常時SSL対応を通してWebサイトを取り巻く世の中の流れを扱うと言いましても、Webサイト運営者であれば十分にご存知の内容か、または既に対応済かもしれません。時勢に遅れているかもしれませんが自ら経験して得た知識をコラム記事にします。

但し、ハウツー情報を扱った内容ではありません。具体的な情報になるほど環境によって様々となりますので、今回は「常時SSLとはどういうことか?どうして対応を急ぐ必要があるのか?」といった概要的な内容を扱います。

まず「常時SSL」について振り返ってみましょう。常時SSLとは、Webサイトの全てのページをHTTPS[1]化するセキュリティ手法です。HTTPS化するとWebサイトは「https://」で始まるURLに変わります。

従来のインターネット(狭義では WWW: World Wide Web)の通信においては、HTML等のコンテンツをWebブラウザとWebサーバーの間で送受信する為の通信プロトコルとしてHTTP(Hypertext Transfer Protocol)を用いてきました。HTTPSはSSL/TLS[2]プロトコルによって提供されるセキュアな接続の上でHTTP通信を行うこと指します。

常時SSL対応を行う目的は、Webサイト全体の通信をSSL/TLSで暗号化することで第三者による通信内容の盗聴や改ざんを防ぎ、また通信相手(接続するWebサーバー)の「なりすまし」といった行為を防ぎます。

従来のSSL対応は個人情報を含むページ(パスワードやカード番号を入力するフォーム等)に限られていましたが、常時SSL対応により全てのページが暗号化されることで、より安全になるとされています。例えば公共のWi-Fi環境では、自宅や会社やスマホでの通信よりも簡単に内容を傍受されてしまうので、通信の暗号化はより重要になります。

SSLで保護されたインターネット通信のイメージ
『SSLで保護されたインターネット通信のイメージ』

それではWebサイトをSSL対応してHTTPS化するには、どのようなことが必要になるのでしょうか。大きくは3点が挙げられます。

  • SSL/TLSサーバー証明書の準備(購入)
  • SSL/TLSサーバー証明書をWebサーバーにインストール
  • Webサイトコンテンツ(ソースコード)の変更

それぞれ具体的には環境によって異なるので、今回の記事では踏み込みません。ただ、少しだけ補足しますと、SSL/TLSサーバー証明書には種類があり、価格や信頼度等の違いがあるのでWebサイトの用途に合わせた選定が必要になります。またソースコードの変更については「https」用のパス情報に置き換える等が想定されます。

このように、セキュリティ対策の観点から常時SSL対応の重要性が高まっていることは確かです。

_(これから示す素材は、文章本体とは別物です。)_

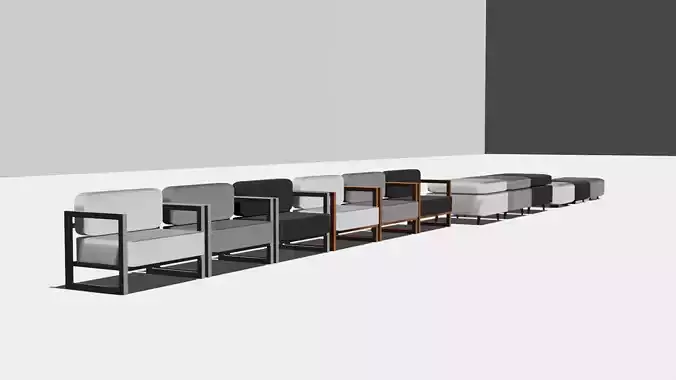 Set of 4 Fabric Armchairs  High-Quality 3D Models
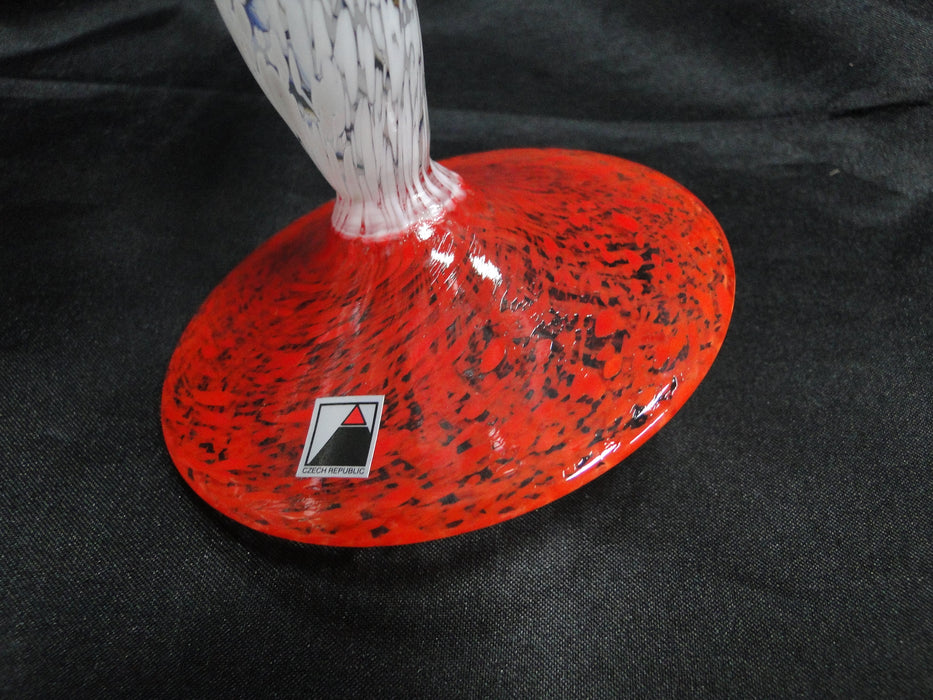 Czech Opus Handblown Multicolored Glass: White & Red Martini (s), 7 1/2"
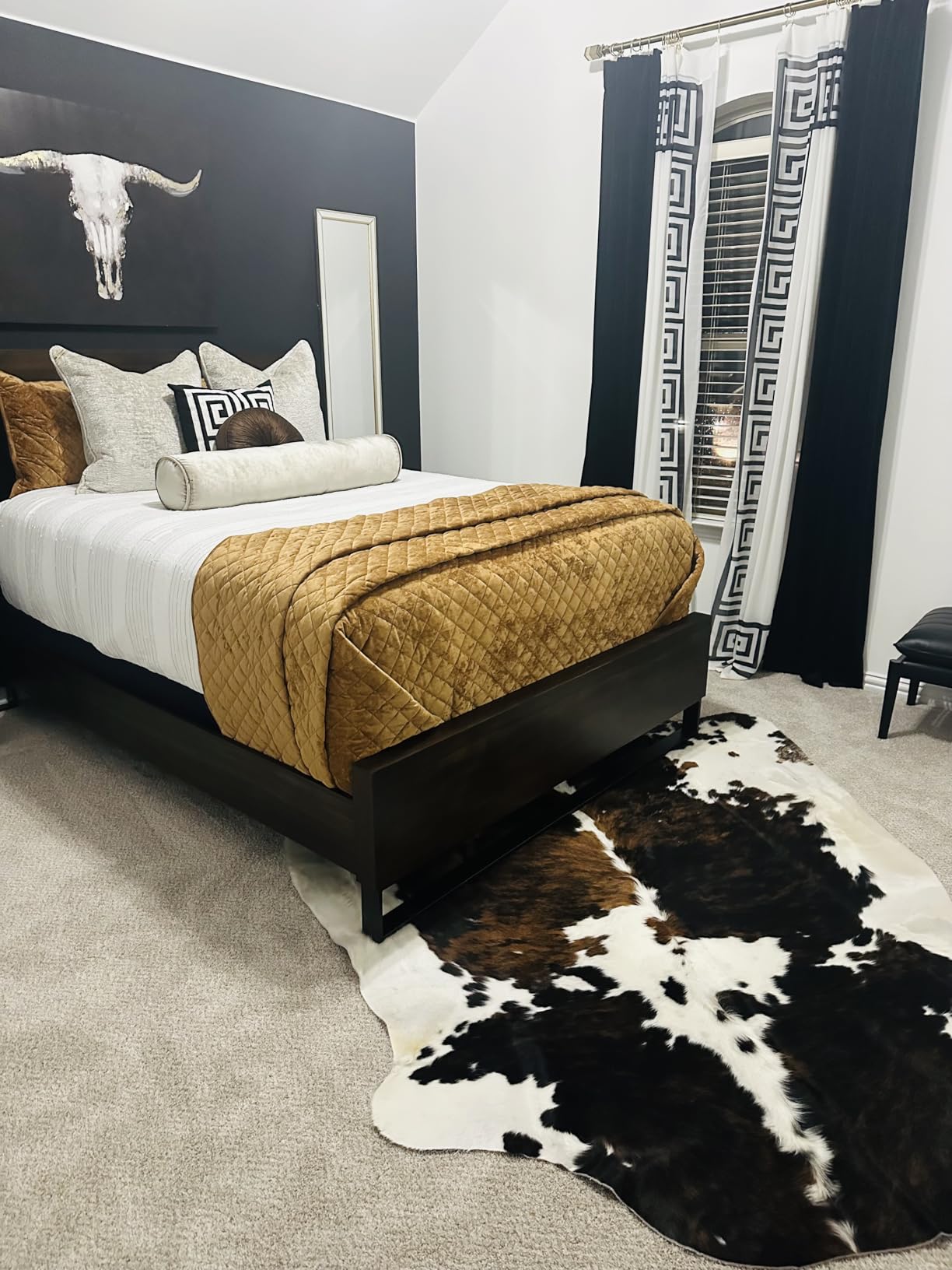 Sunshine Cowhides Genuine Cowhide Rug - Thick, Rustic Fur Carpet for Living Room, Bedroom, Office, or Decor - Cozy Accent for Kitchen, Bath, Fireplace & Wall - Tricolor Black & White, Large (6x6-7 Ft) customer photo 1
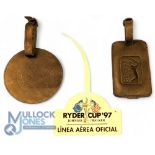 1997 Ryder Cup Linea Aerea Official Tag, with 2 leather PGA luggage tags (3)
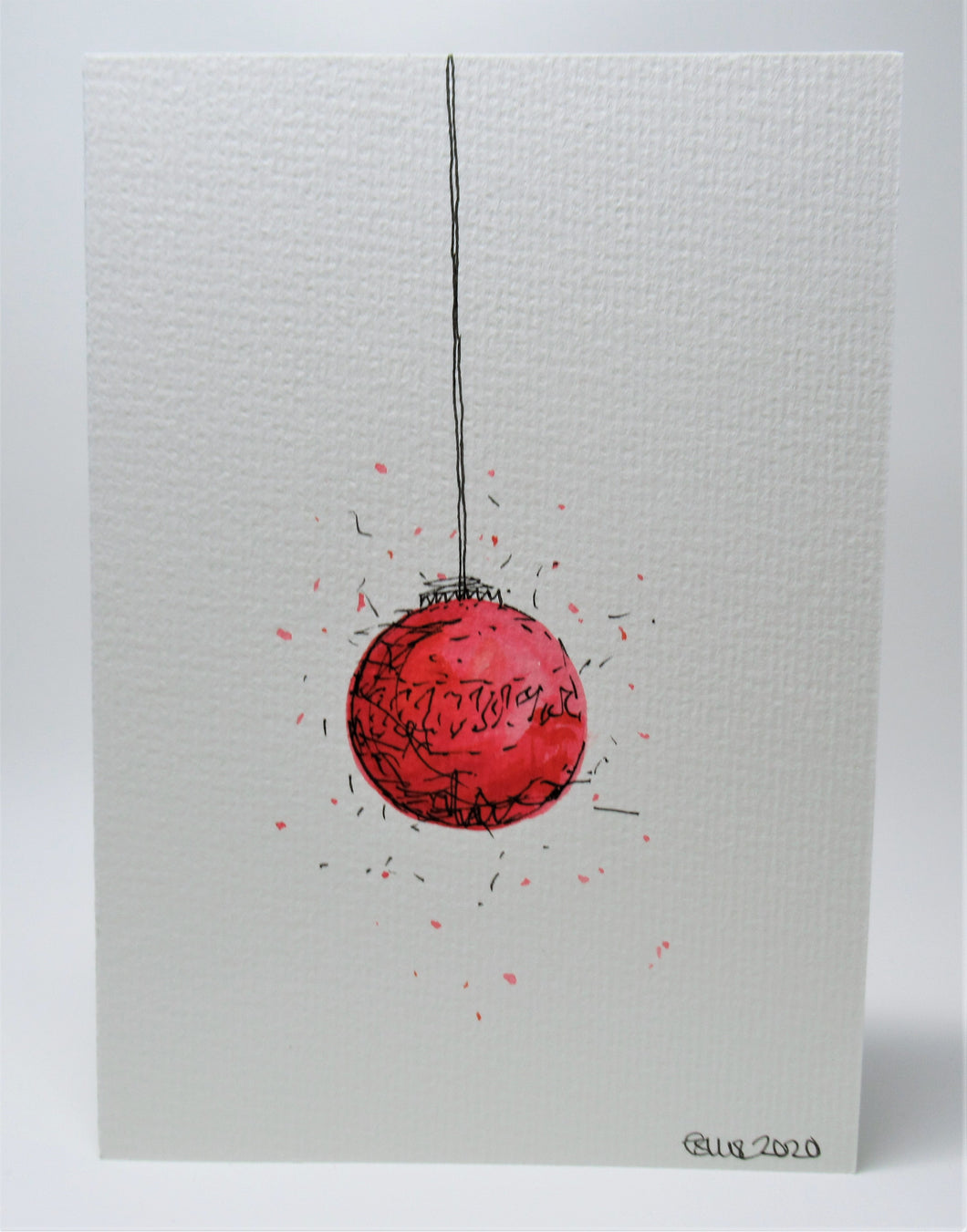 Original Hand Painted Christmas Card - Bauble Collection - Red Design - eDgE dEsiGn London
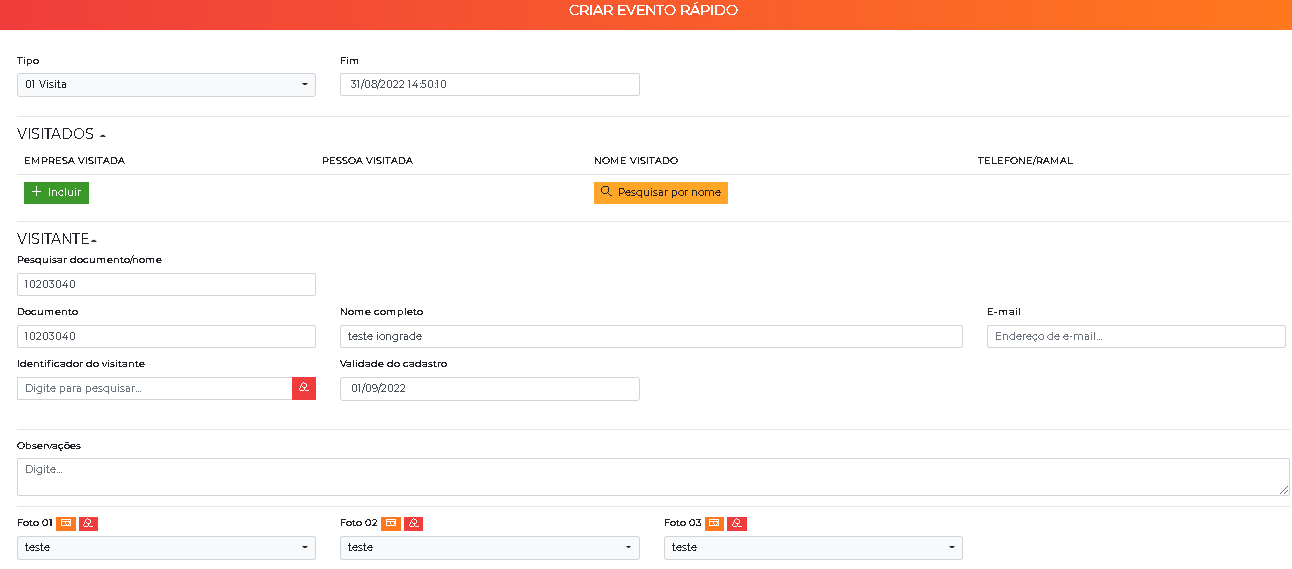 Cadastro rápido sem o campo configurável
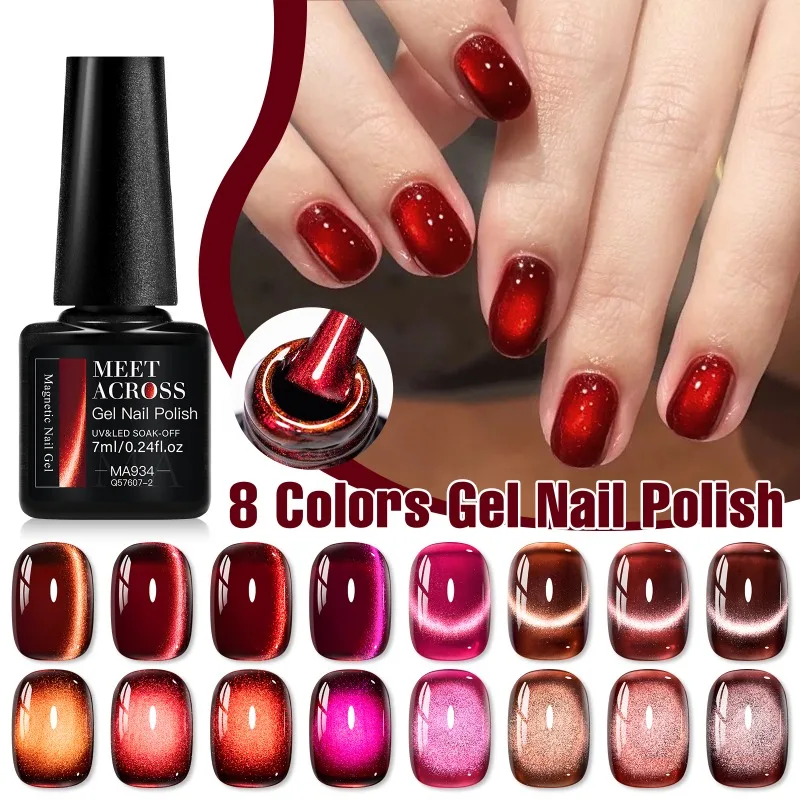

9pcs Red Series Reflective Magnetic Gel Nail Polish Set With Magnetic Stick Glitter Effect Semi-permanent Gel Varnish Nail Art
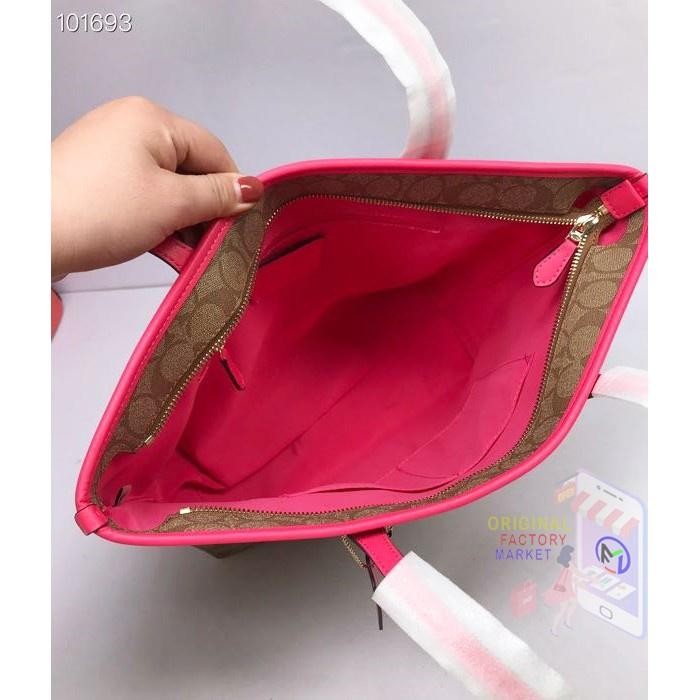 Ready Tas Coc F58292 Tote Signature City Zip Tote Khaki Pink Original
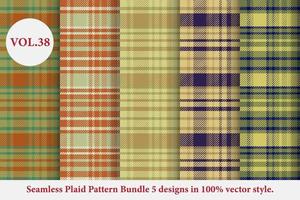 padrão xadrez pacote 5 designs vetor de búfalo, papel de parede de fundo de tecido tartan, coleção de padrões monocromáticos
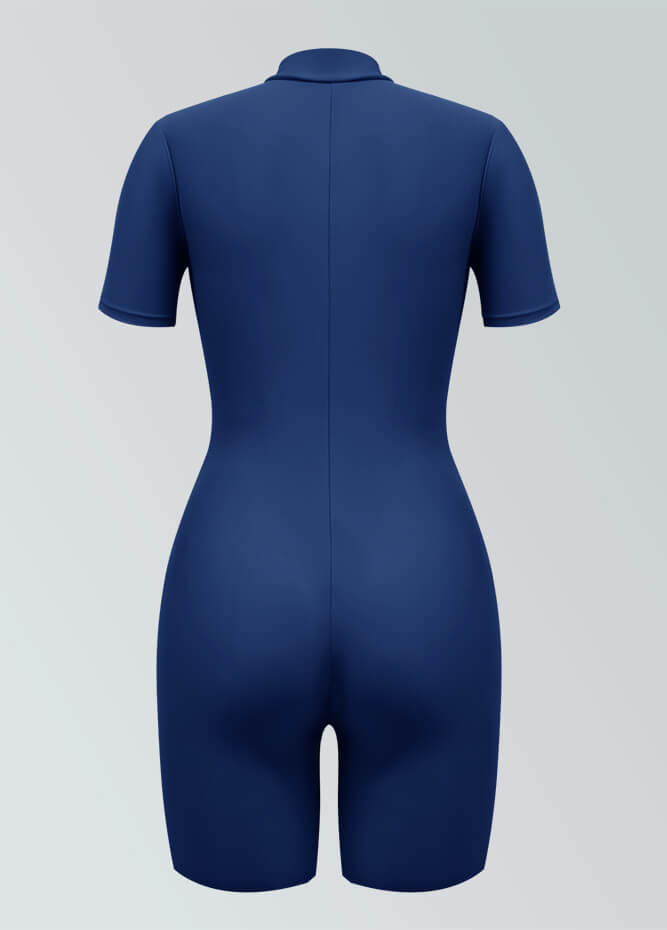 Womens Short Sleeve Zip Front Romper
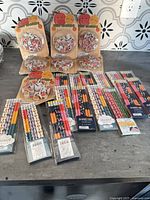 All pencil and eraser packs arranged on counter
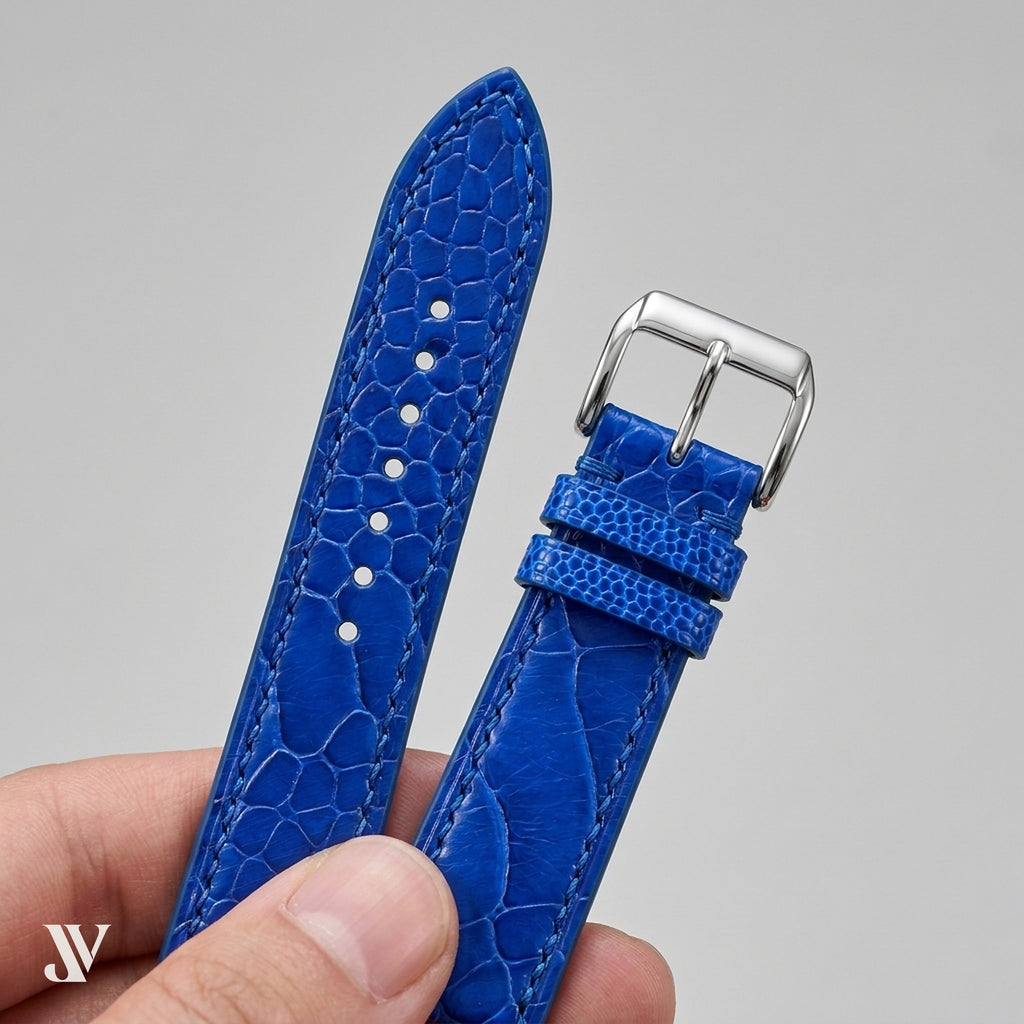 Blue Ostrich Leg LBlue Ostrich Leg Leather Watch Strapeather Watch Strap — shown on watch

とは言え、世の中が「早急な常時SSL対応」の流れにあり、特に今年に入ってからは「喫緊の課題」のように扱われ、Webサイト運営者が常時SSL対応に踏み切る動機はセキュリティ対策よりも別の理由が大きいと考えられます。

Googleが「常時SSL」の推奨を公式発表しているように、ブラウザベンダーによる後押しが背景にあります。具体的にはWebブラウザの仕様変更です。

WebブラウザのトップシェアはGoogleの「Chrome」(クローム)になりますが、Chrome 68(2018年7月)から、全てのHTTPサイトに対して「保護されていない通信」と表示されるようになりました(アドレスバー部分に)。実際の表示は下図のようになります(Chrome 69による表示です)。

Google Chromeでの常時SSL対応とアドレスバー表示の関係性
『Google Chromeでの常時SSL対応とアドレスバー表示の関係性』

このようにHTTPSサイトでないと警告対象になります。今のところはインフォメーション調の表示ですが、Chrome 70(2018年10月)からは文字色が赤に変わり、アイコンも警告を現わす形状に変わる等、より強い警告がなされます。

Webサイトの利用者(訪問者)側でこのように見られているにもかかわらず、運営側がHTTPサイトのまま提供し続けていては「我が社のWebサイトは安全ではありません」と言っているようなものです。商用サイトであれば「死活問題」になります。

Webサイトの運営者はHTTPS化(つまり常時SSL対応)を進めることがWebサイトの安全性をアピールすることになり、利用者(顧客)からの信頼を高め、ひいては新規顧客の獲得や売上向上にも繋がるので早急な対応を目指すことになるのです。

常時SSL対応(HTTPS化)を推奨する流れはGoogle以外のベンダーも追随しており、MozillaのWebブラウザである「Firefox」では、新機能はHTTPSサイトのみサポートする方向性を表明しています。業界団体の動向からも、いずれ常時SSLは業界標準になると目されています。これらのような時勢を踏まえて当サイトも常時SSL対応を実施いたしました。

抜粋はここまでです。